The mosque was destroyed by bombings from the allied forces when they wanted to recapture Brunei from the Japanese. Marbut Awang Tunggal had to leave the mosque and stayed at Kampung Ujong Bukit until he died.
Pehin Datu Imam Hj Mokti Hj Nasar (1864-1946) was born in 1864 in Kampong Burong Pingai Ayer. He studied religious knowledge under Dato Ahmad Hj Abdul Latif and Syeikh Ahmad Khatib Sambas, another religious scholar from Indonesia. Pehin studied Tariqat Qadariah from the scholar and also from books from Indonesia and Sumatra such as ‘As-Sirat Al-Mustaqim’.

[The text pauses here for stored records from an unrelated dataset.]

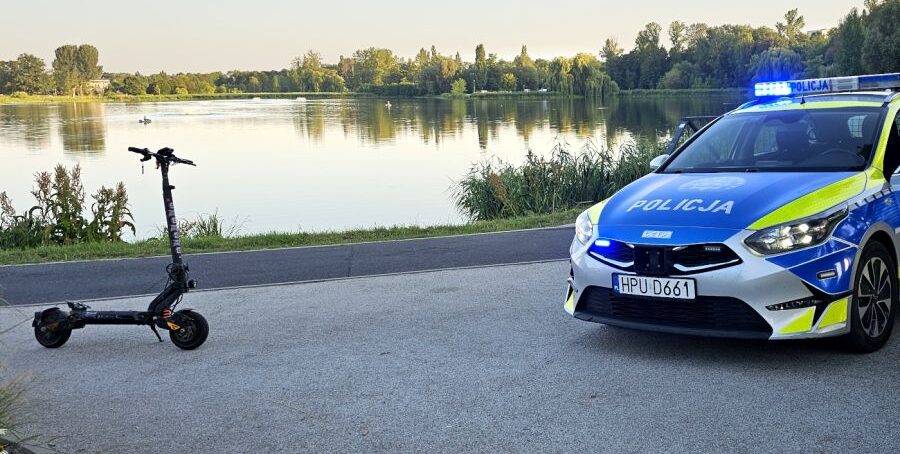 Elektryczne hulajnogi są bardziej niebezpieczne od motocykli.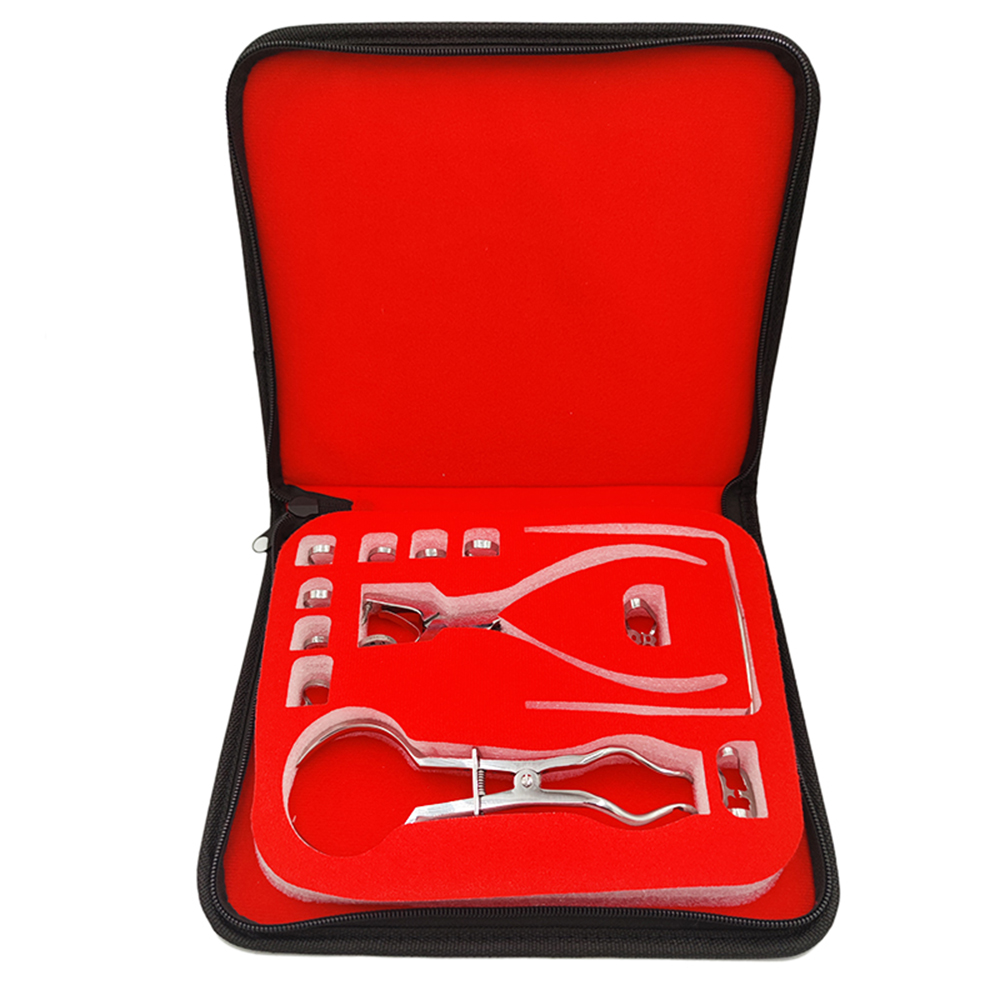 Leather Workshop - Dentistry Dam Hole Puncher Set With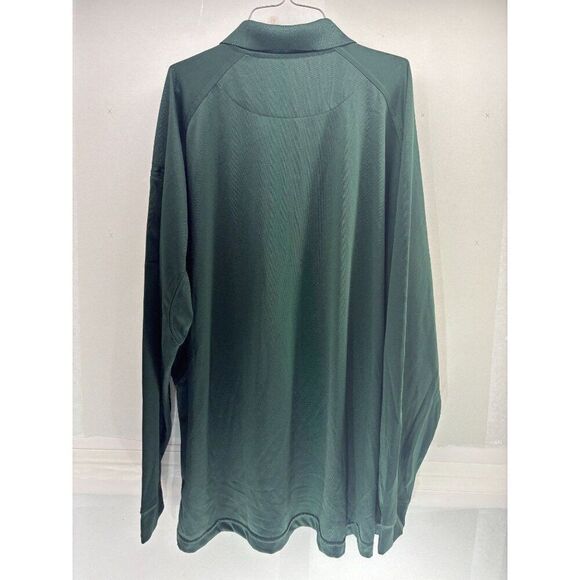 5.11 Tactical Polo Shirt Men's XL Green Long Sleeve Utility Performance Gorpcore - Picture 2 of 6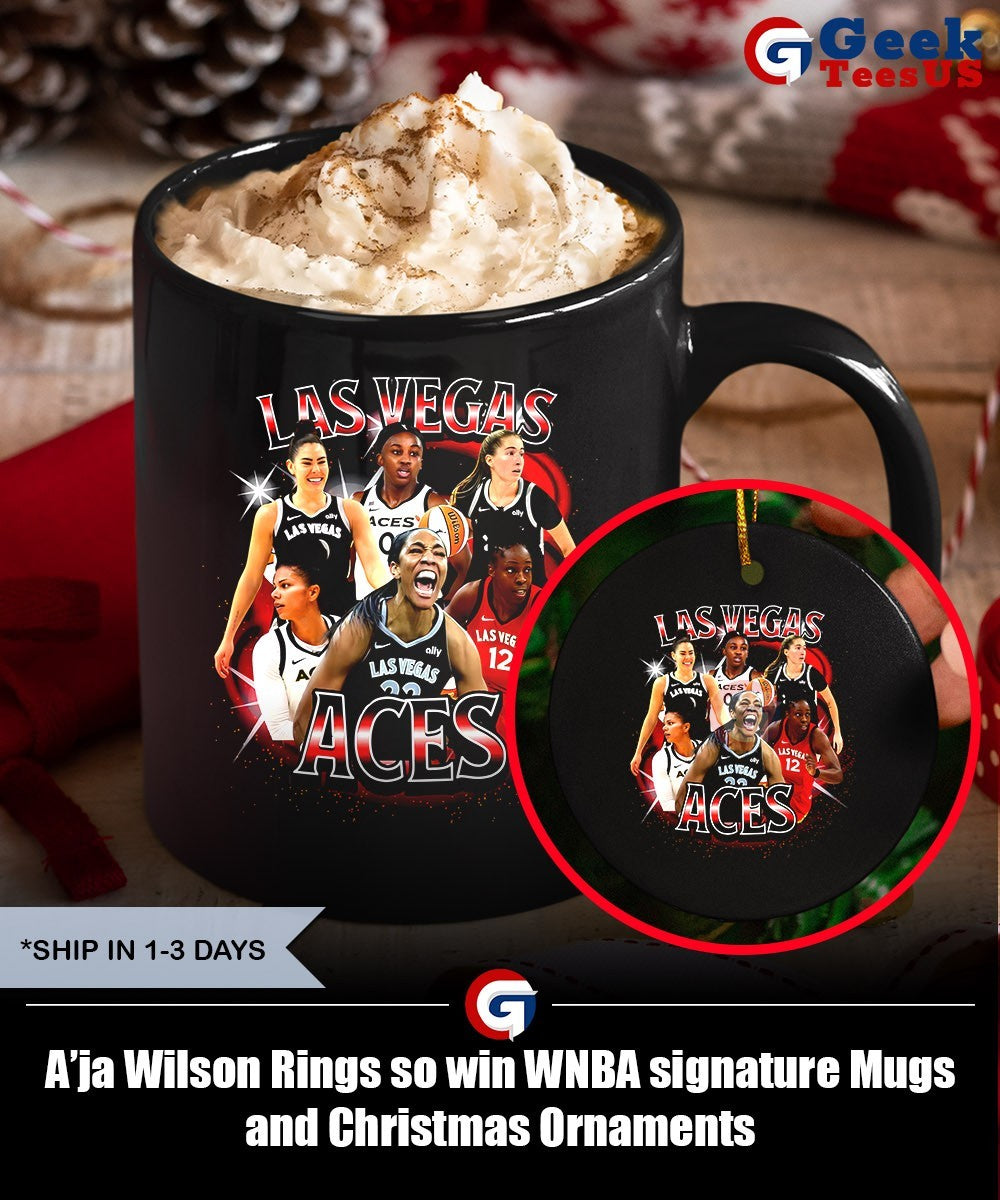 A’ja Wilson Rings so win WNBA signature shirt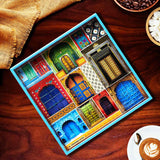 Load image into Gallery viewer, Dwaar Square Enamel Small Tray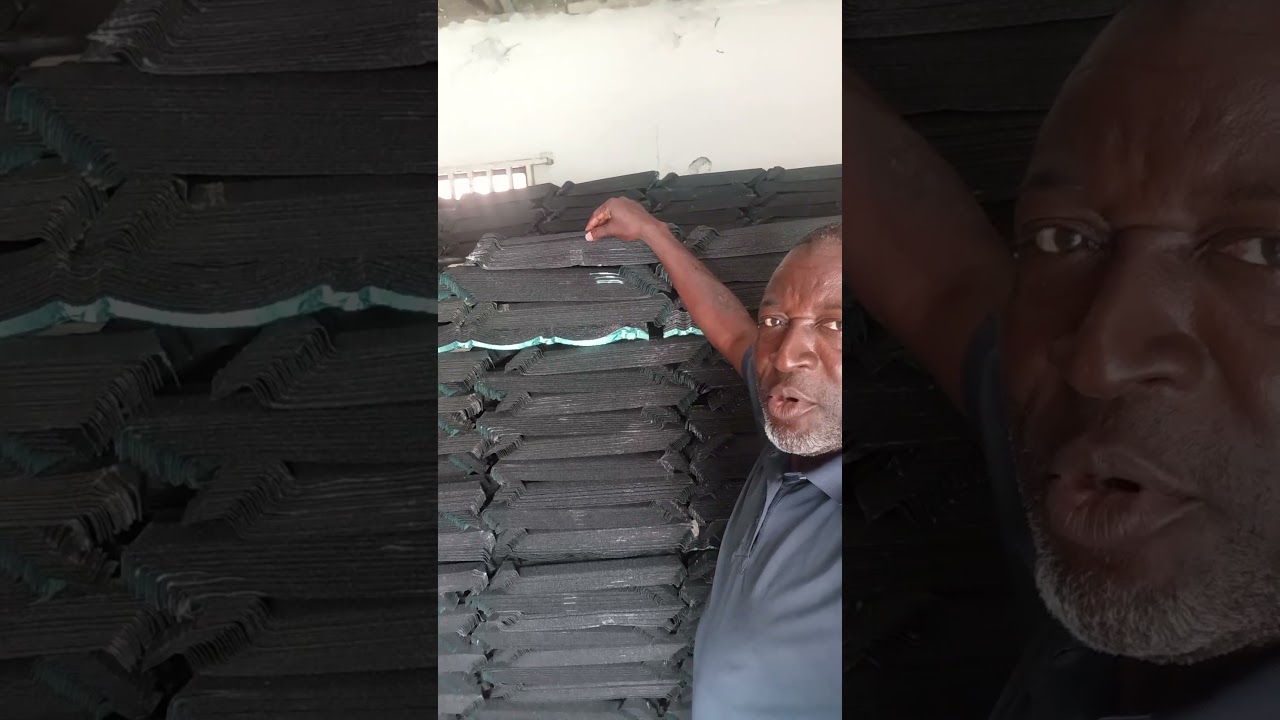 Top Quality Black Bond Stone Coated Roofing Sheets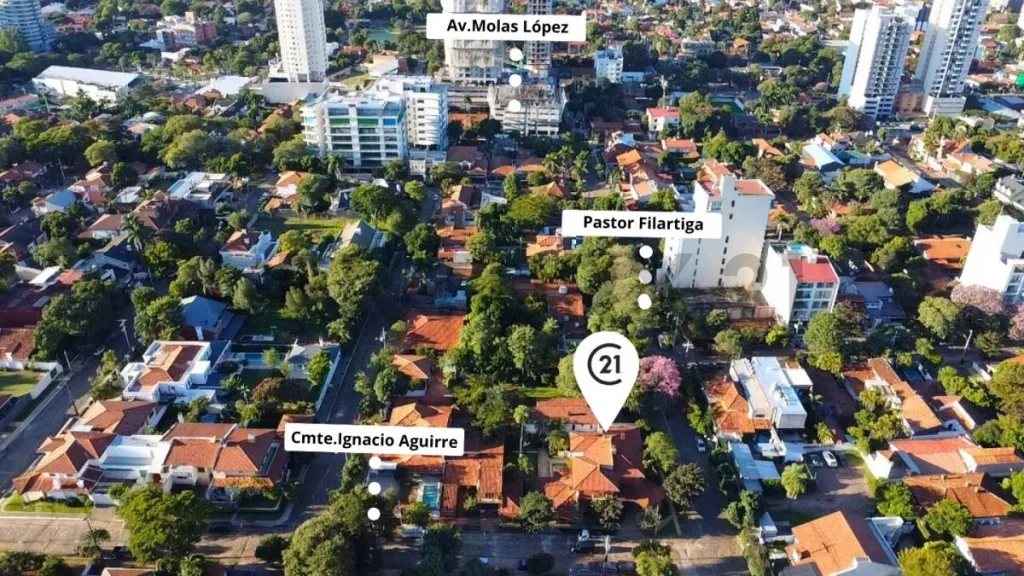 Vendo terreno en esquina 24 x 30 en Las Lomas Asunción — foto 2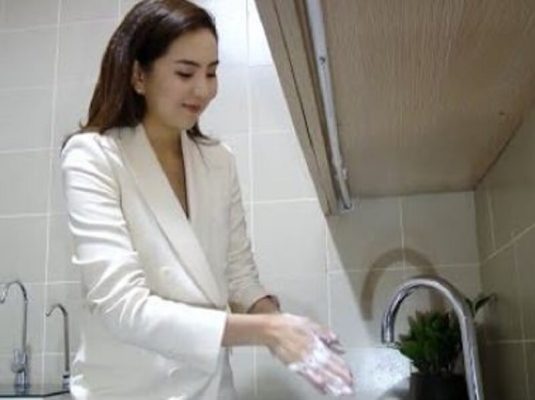 quy trình rửa tay của bộ y tế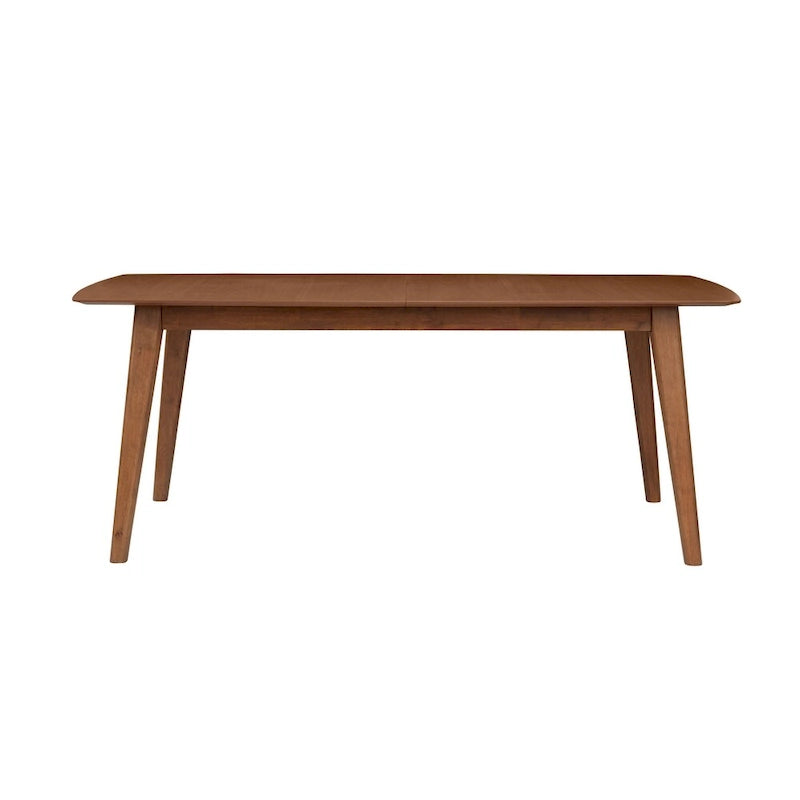 Table à manger rectangulaire moderne du milieu du siècle Rye Studio Santos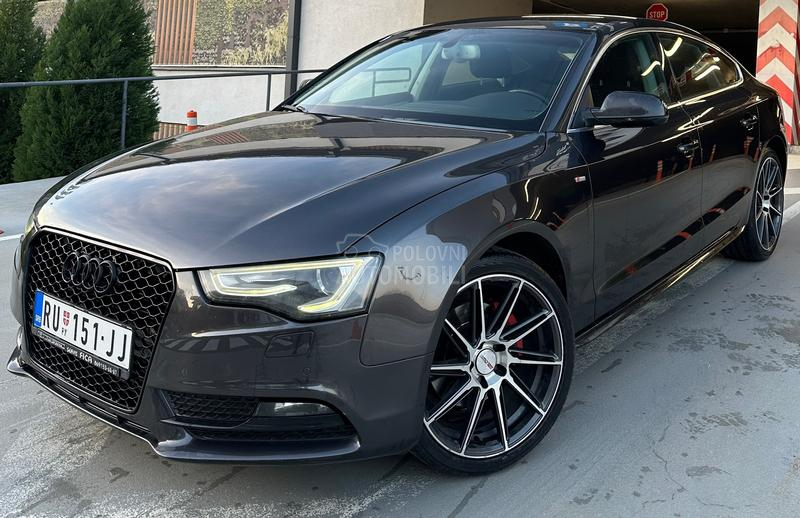 Audi A5 2.0Tdi/Aut/Led/Nov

He also travelled widely to spread the religion by going to Sarawak and Sambas. He was able to perform his haj in Makkah and stayed there for four years and this enabled him to learn and speak Arabic.
Upon his return, he established a special hall which he used for teaching. He travelled internally too, to the interior such as Pudak, Pulau Berbunut and Labu Estate to spread the religion further. He also taught at Padas in Sabah. Among his many students included His Highness Sultan Muhammad Jamalul Alam and His Highness Sultan Haji Omar Ali Saifuddien III.
In 1920, he officiated at the opening of a new mosque in Labu Estate in Temburong. He left a number of writings including duaas and fatwa, the genealogy of Tariqat Qadariah, description about the cholera outbreak in 1290 and 1322 hijrahs, and the history and advices of Lukman Al-Hakim.